Opinioni & Commenti

Ru486, la via del regresso

di Mauro Cozzoliprofessore di teologia moralenella Pontificia Università LateranenseRiprende la sperimentazione e l’uso della pillola abortiva RU486 all’ospedale Sant’Anna di Torino, ma i problemi etici restano immutati nella loro gravità. Non è l’autorizzazione di un’autorità legale, che – ironia della sorte – si chiama Comitato etico, a legittimare il male morale e a tranquillizzare le coscienze. Perché di un gravissimo male morale si tratta. La Ru486, infatti, è una pillola abortiva che, staccando il feto dall’utero materno, ne provoca prima la morte e poi l’espulsione.

Il che è un aborto a tutti gli effetti: soppressione di una vita, che ha avuto origine nel momento della fecondazione dell’ovulo da parte dello spermatozoo. Senza dubbio, si tratta di una pratica meno invasiva e cruenta del raschiamento chirurgico, e perciò meno dolorosa e disagevole per la donna. Ma ciò non modifica la natura e la consistenza etica dell’atto, la sua negatività morale.

L’aborto diventa in questo modo più facile e accessibile, ma è pur sempre un aborto: l’uccisione di una vita piccola, debole e innocente, in uno stadio del decorso vitale per il quale ognuno di noi è passato. “Abominevole delitto” – lo ha detto il Concilio Vaticano II – comunque esso venga praticato.

È per questo che la Ru486 – detta pillola del mese dopo – non può trovare nessuna giustificazione morale. Come non può trovarla la pillola del giorno dopo, la quale – in presenza di una fecondazione già avvenuta – ha un’azione non contraccettiva ma abortiva. Impedisce, infatti, all’embrione di annidarsi in utero, facendolo così morire. Chiamarla contraccezione d’emergenza, “postcoital contraception”, è falso e ingannevole.

La via chimica all’aborto, rappresentata da queste pillole, ne sta provocando l’uso individualistico e privatistico, scivolando verso l’aborto “fai da te”. L’aborto facile concorre alla sua banalizzazione.

Dopo la banalizzazione della sessualità con le pillole contraccettive (e i preservativi), stiamo banalizzando la vita prenatale con le pillole abortive.
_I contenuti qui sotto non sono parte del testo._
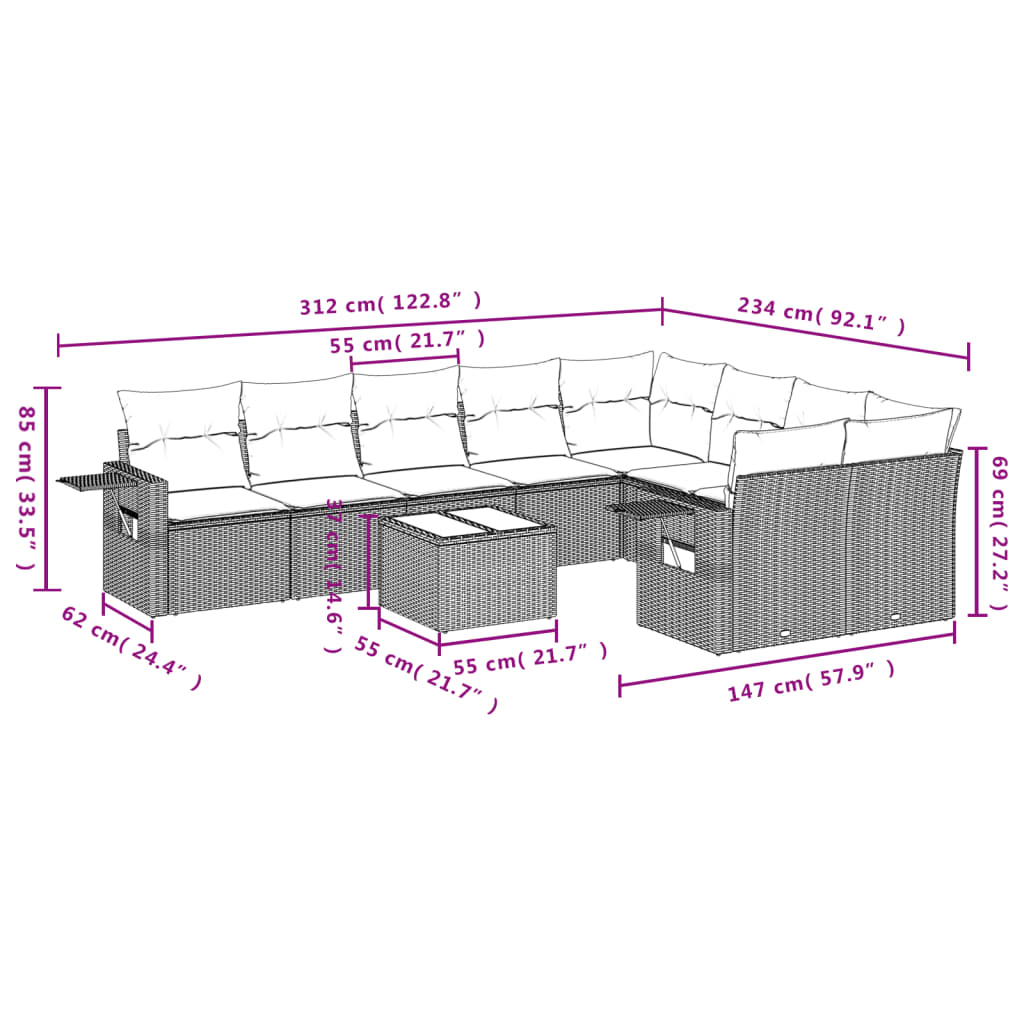 10 pcs conjunto de sofás p/ jardim com almofadões vime PE bege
Di pillola in pillola stiamo svuotando di contenuto valoriale e morale eventi umani fondamentali come la sessualità e la vita, e spogliando così le coscienze di verità e responsabilità morale.

Ciò che conta è il risultato da ottenere nel modo più facile e innocuo e non la verità e il bene in gioco. È l’esito e il segno di quel liberismo e relativismo etico che, nel contrasto tra la libertà e la vita, non (sempre) sceglie la vita, anteponendole la libertà, che prende le forme del desiderio e dell’interesse soggettivo.

La qual cosa viene fatta passare come conquista di civiltà, in una stagione culturale che enfatizza e dilata i diritti, al punto da non misurarli e derivarli più da beni oggettivi ma da desideri soggettivi.

Fino all’assurdo – denunciato decisamente da Giovanni Paolo II nell’enciclica Evangelium Vitae – di interpretare dei “delitti contro la vita come legittime espressioni della libertà individuale, da riconoscere e proteggere come veri e propri diritti” (18) e “su tale presupposto pretenderne non solo l’impunità, ma persino l’autorizzazione da parte dello Stato, al fine di praticarli in assoluta libertà ed anzi con l’intervento gratuito delle strutture sanitarie” (4).Sono profondi motivi etici – come si vede – a delegittimare l’uso delle pillole abortive e a dichiararne la gravità morale, nonostante la loro facilità d’uso. Anzi proprio e ancor più a causa di essa, che ne favorisce la diffusione. Ma vi sono motivi anche di natura legale, in relazione alla legge 194, che queste pratiche disattendono in almeno due punti. Il primo è legato all’esigenza, dichiarata dalla legge, di non ricorrere all’aborto come un mezzo di regolazione delle nascite. Ed invece tale sta diventando l’aborto chimico, fatto percepire e praticato come mero adempimento del desiderio di una donna di non avere un bambino. Il secondo motivo è dato dall’elusione di tutte quelle pratiche di prevenzione e dissuasione dall’aborto, che la legge esige di mettere in atto e che l’aborto chimico invece disattende.Tutt’altro che conquista di civiltà e strumento di liberazione per la donna, come l’ideologia radical-libertaria e un tardo femminismo vogliono far credere, la via chimica all’aborto è un regresso umano e sociale che aggioga sempre più la libertà all’intemperanza del desiderio, da soddisfare ad ogni costo: al costo anche di un’altra vita di cui si spegne nelle coscienze e non si percepisce più il bene e il diritto inviolabile.